**Task prompt**: Output all the data exactly. Pictures do not belong in the copy.

**Data section**:
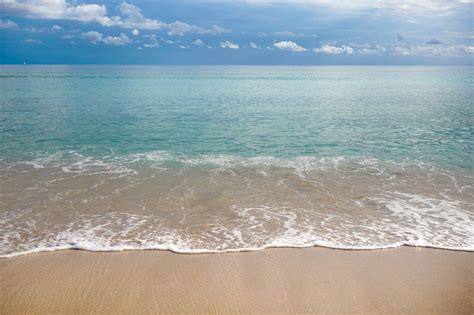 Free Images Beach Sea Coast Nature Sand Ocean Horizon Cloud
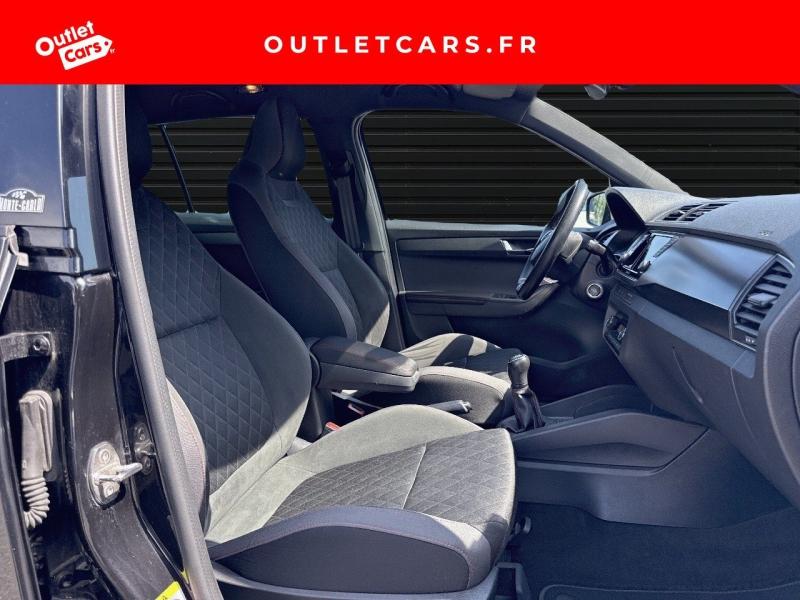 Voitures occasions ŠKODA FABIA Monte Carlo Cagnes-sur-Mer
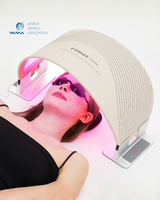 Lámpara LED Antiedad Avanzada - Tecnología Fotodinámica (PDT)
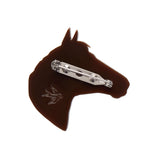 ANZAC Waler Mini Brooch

**Answer**:
 Free Images Beach Sea Coast Nature Sand Ocean Horizon Cloud
 Voitures occasions ŠKODA FABIA Monte Carlo Cagnes-sur-Mer
 Lámpara LED Antiedad Avanzada - Tecnología Fotodinámica (PDT)
 ANZAC Waler Mini Brooch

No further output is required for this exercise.